*** Block opens ***
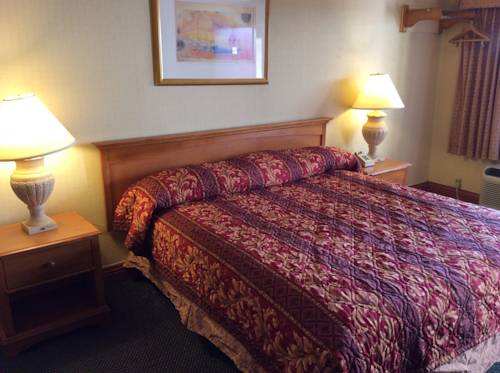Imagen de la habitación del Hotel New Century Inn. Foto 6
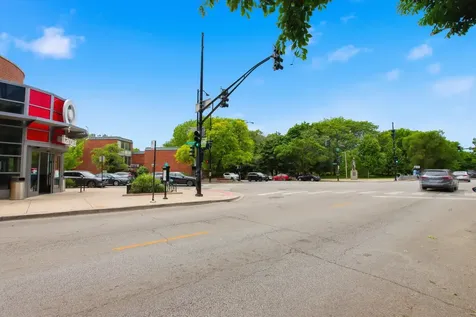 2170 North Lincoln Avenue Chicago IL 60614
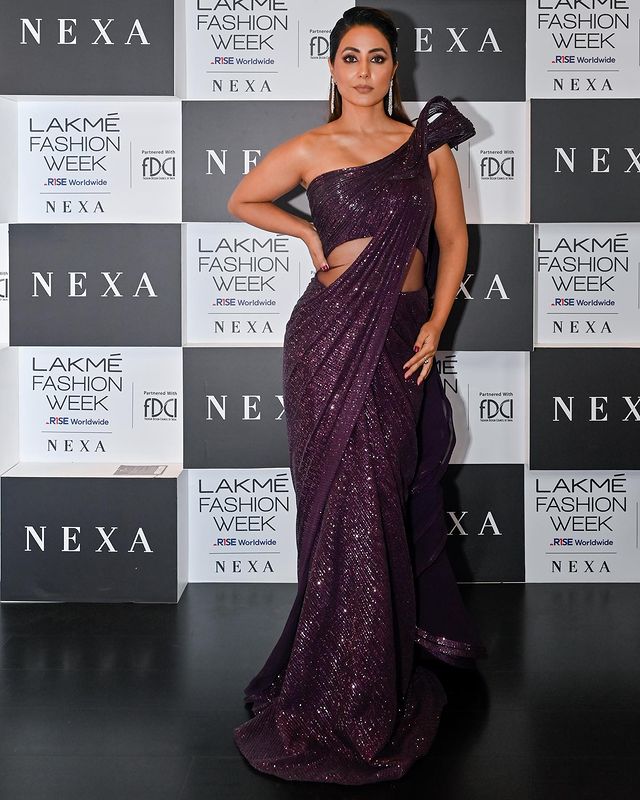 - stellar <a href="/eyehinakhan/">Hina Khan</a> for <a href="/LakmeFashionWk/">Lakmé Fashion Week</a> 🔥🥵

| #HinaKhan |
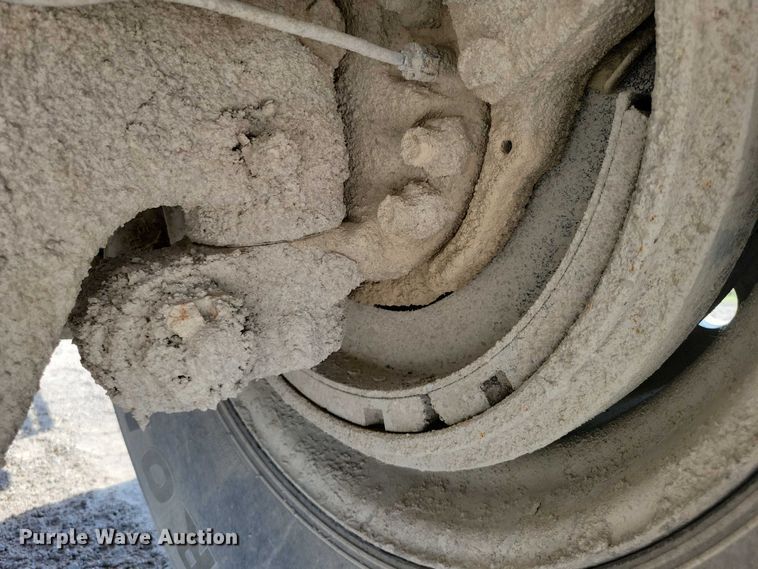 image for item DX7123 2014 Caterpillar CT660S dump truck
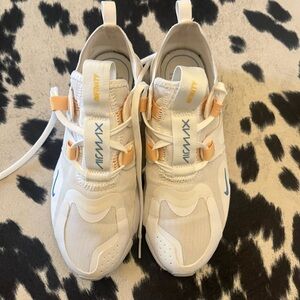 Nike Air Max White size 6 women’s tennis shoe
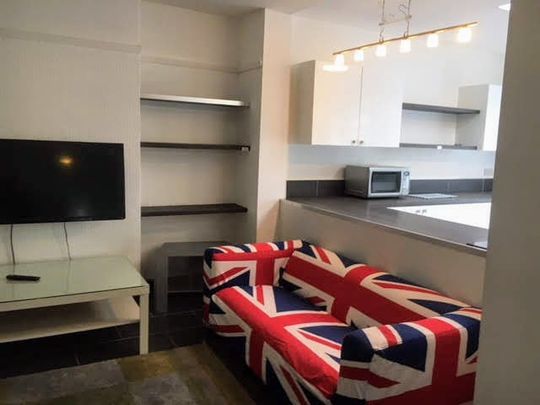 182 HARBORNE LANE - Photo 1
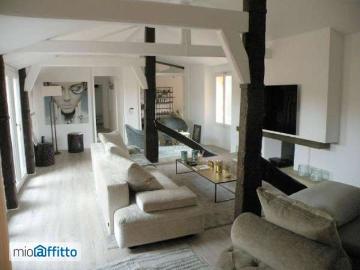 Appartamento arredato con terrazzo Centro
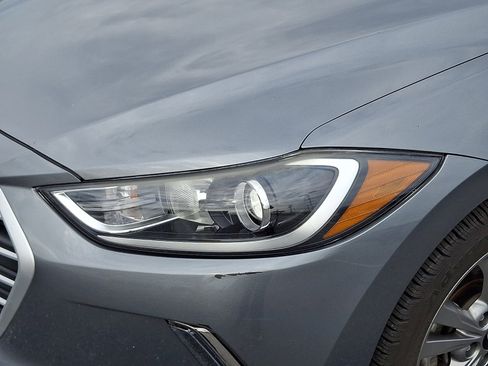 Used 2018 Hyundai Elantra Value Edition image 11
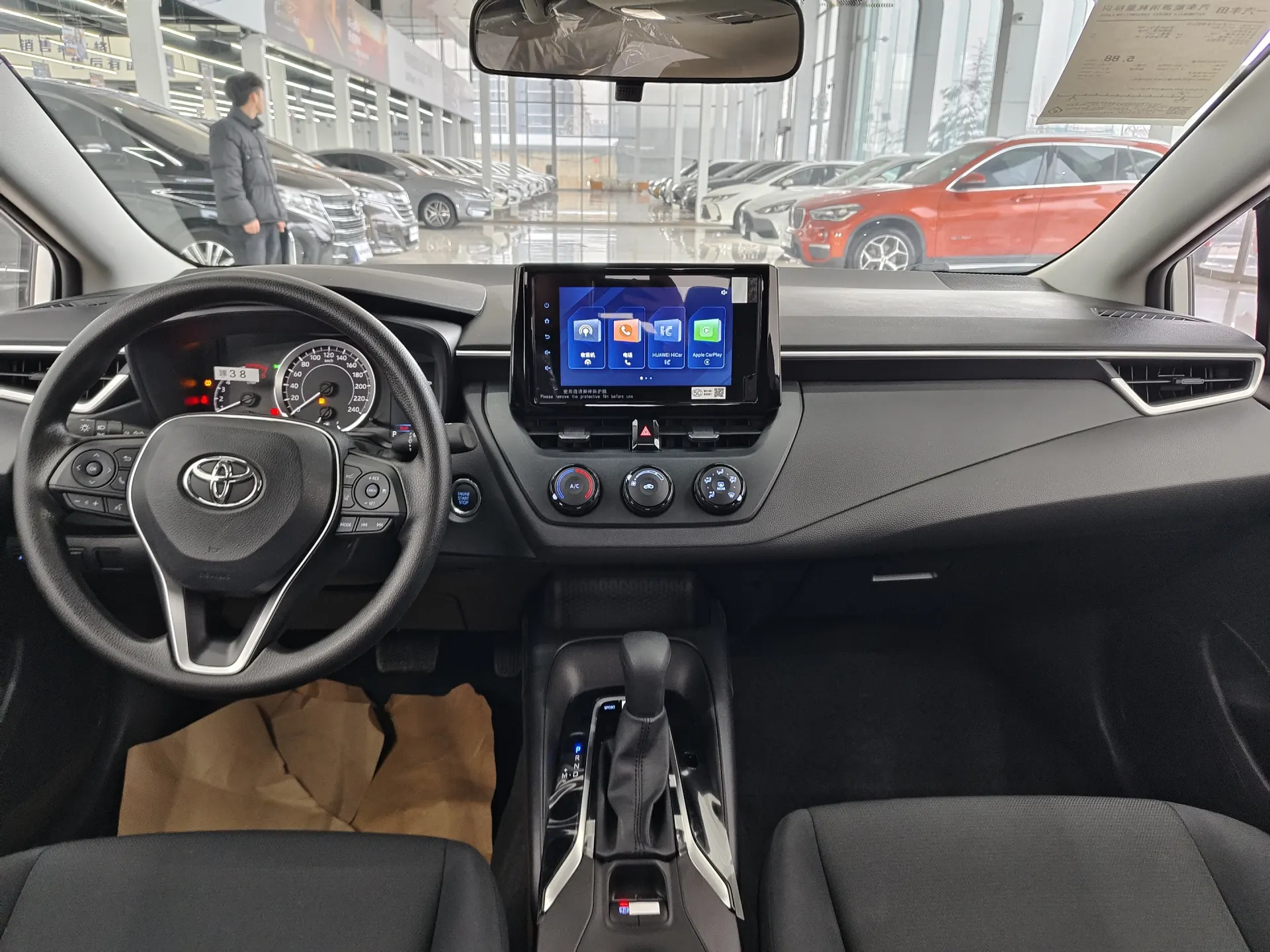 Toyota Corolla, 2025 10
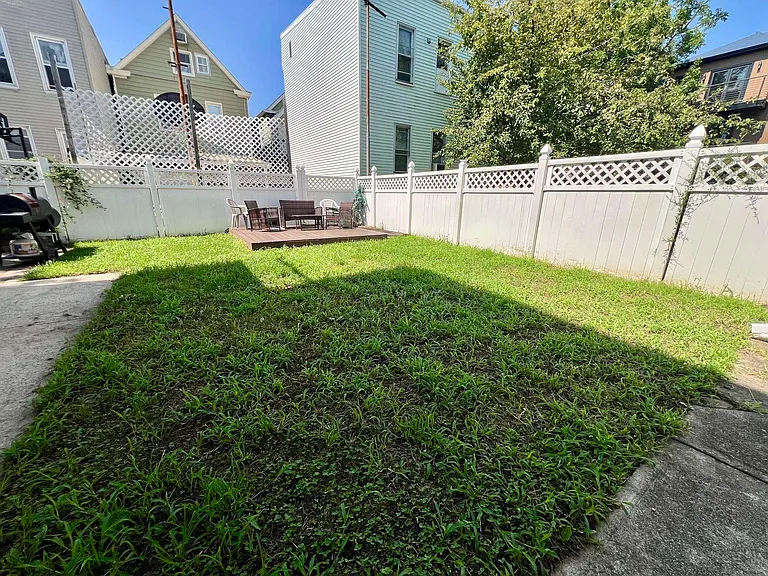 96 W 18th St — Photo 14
*** Block closes ***
**Directions:**
Starting at the line with "182 HARBORNE LANE - Photo 1", write out every line exactly through the final line of the records above, both included, and skip the pictures.

**Result of the exercise:**
 182 HARBORNE LANE - Photo 1
 Appartamento arredato con terrazzo Centro
 Used 2018 Hyundai Elantra Value Edition image 11
 Toyota Corolla, 2025 10
 96 W 18th St — Photo 14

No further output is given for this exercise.